Rest applications in python are very easy to write, but the problem arises when we have to choose a production-grade application server for hosting our webservice. Flask one of the most popular framework for writing python based web applications is not a prod ready server. Moreover, the problem with python threading is well known, which we should always try to avoid. I recently had the same situation where we were required to deploy a python based webservice that handles millions of records in a second from users spread across the globe. After doing some research we choose uWSGI as our application server in conjunction with Nginx.
uWSGI supports launching multiple processes of your application. You just need to mention the number of workers that you want to launch. uWSGI can listen to HTTP port but as we are using Nginx as our Web Server we will start uWSGI to listen to a Unix socket.
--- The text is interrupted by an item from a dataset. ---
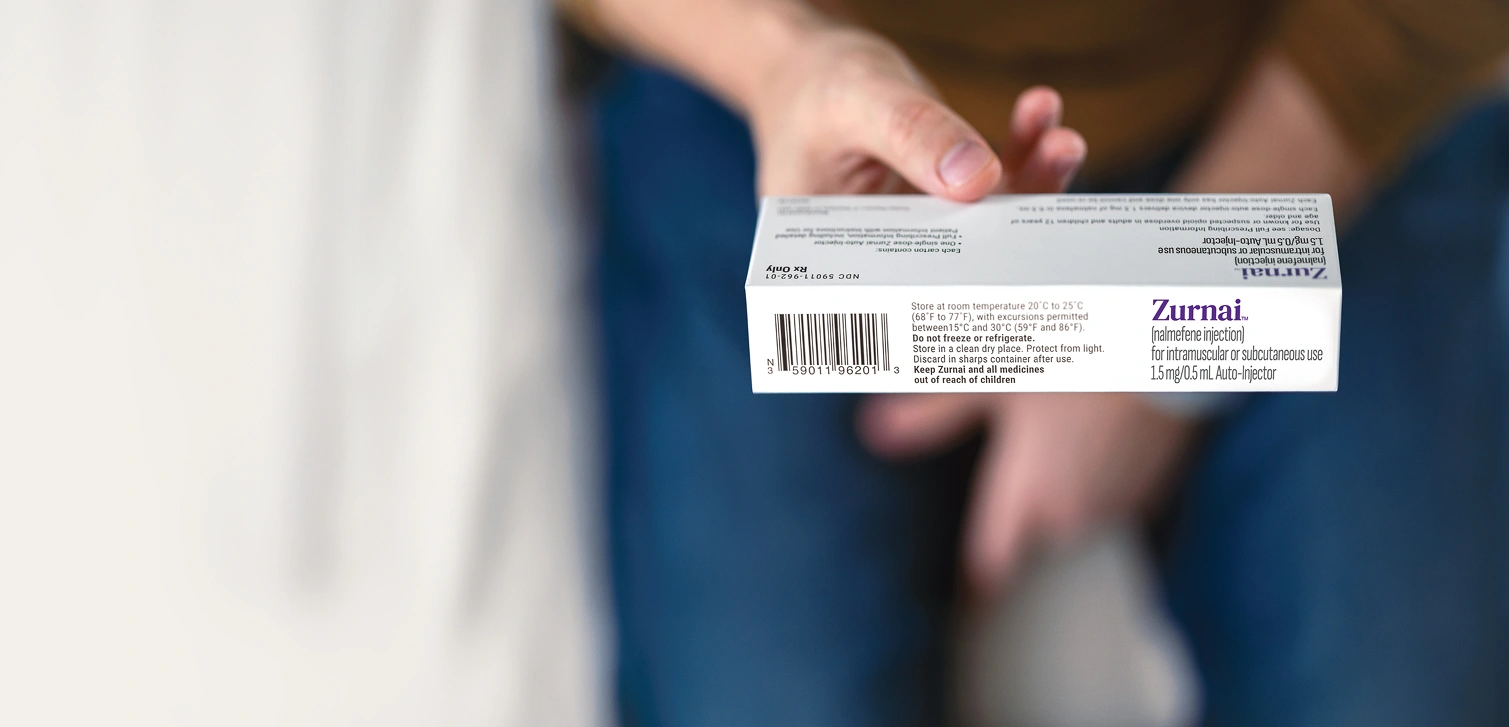 Hand holding the ZURNAI carton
The client requests will be entertained from Nginx which will route the requests to the configured socket endpoint of uWSGI.
So, what are all the configurations that we need to set to get uWSGI working?
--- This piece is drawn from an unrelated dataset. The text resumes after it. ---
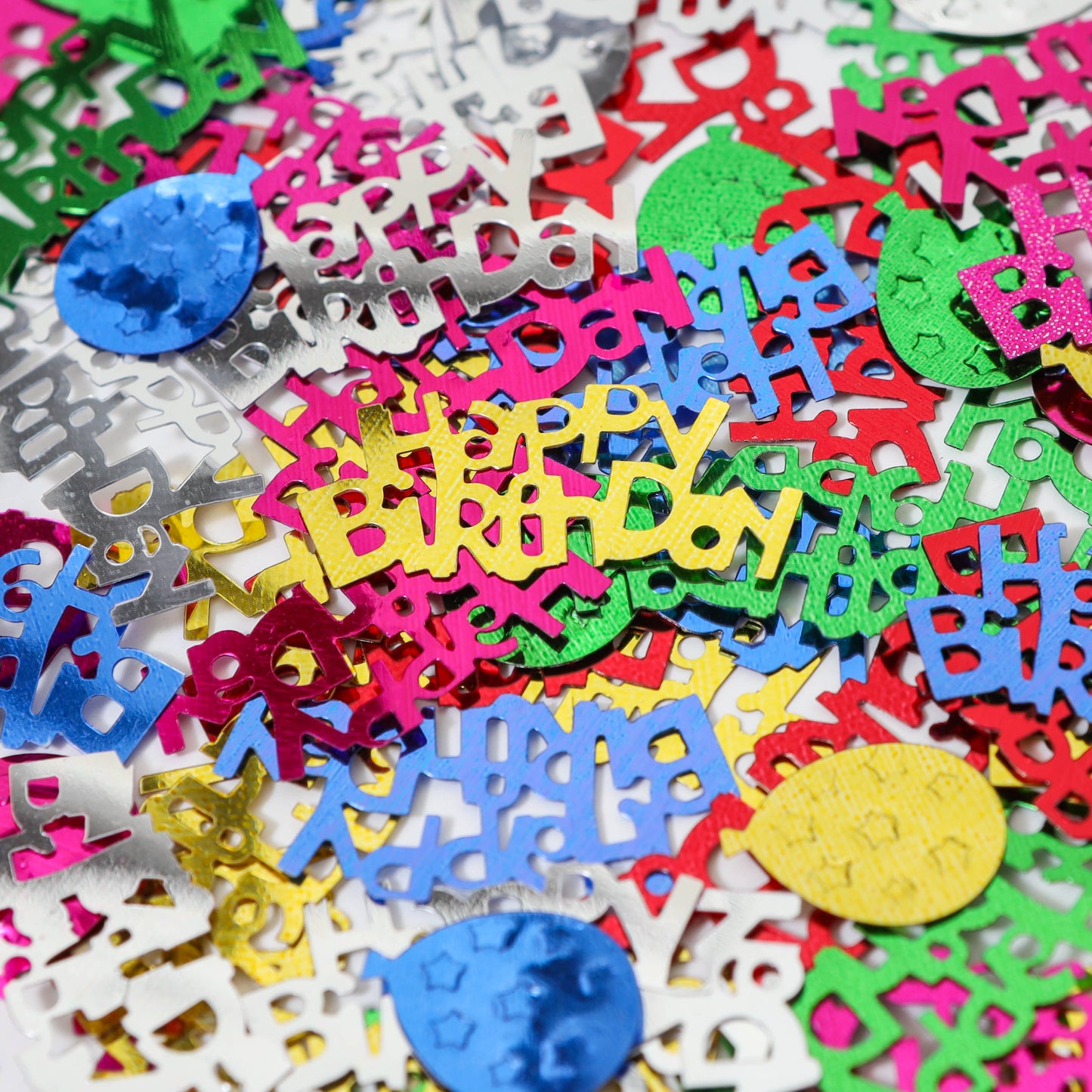 Close-up view of layered metallic Happy Birthday confetti and balloon shapes in mixed colors piled together.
- Need to tell the location for our python rest service, obviously
- Which module to call, as an entry point
- Location for the socket, where uWSGI will listen for routing requests to our rest service
- Number of the process we want uWSGI to launch
- UserId that uWSGI will use
- Logfile paths for logging the application logs
- The plugins that uWSGI should load for running our python application
Sample Config
[uwsgi] module = app:app # the entry point for-readline = /home/centos/pythonservice/env.txt # the env. variable to set which are being used by application env = %(_) endfor = master = true # Should have a master process processes = 16 # Number of processes you want to launch plugins = python36, logfile # plugins that uWSGI should load for running our application uid = centos # userID socket = /run/uwsgi/pythonservice.sock # Socket file, where Nginx will route the requests chown-socket = centos:nginx # as we are running as a centos user, making it the owner of the socket file chmod-socket = 666 vacuum = true # remove the socket file when the process stops single-interpreter = true reload-mercy = 30000 # how long uWSGI should wait before killing the workers when you restart your application worker-reload-mercy = 30000 die-on-term = true chdir = /home/centos/pythonservice/ # location of our codebase logger = file:/var/log/pythonservice/app.log # path to log files req-logger = file:/var/log/pythonservice/apprequest.log
Sample env.txt file
APP_CONFIG=/home/centos/pythonservice/config/prod.properties
The beauty of using uWSGI is you write your python application with flask without caring about how to handle requests at scale. You can just increase the number of processes running your application by a simple configuration change. UWSGI will detect all of the endpoints defined in the flask application and will route the requests accordingly.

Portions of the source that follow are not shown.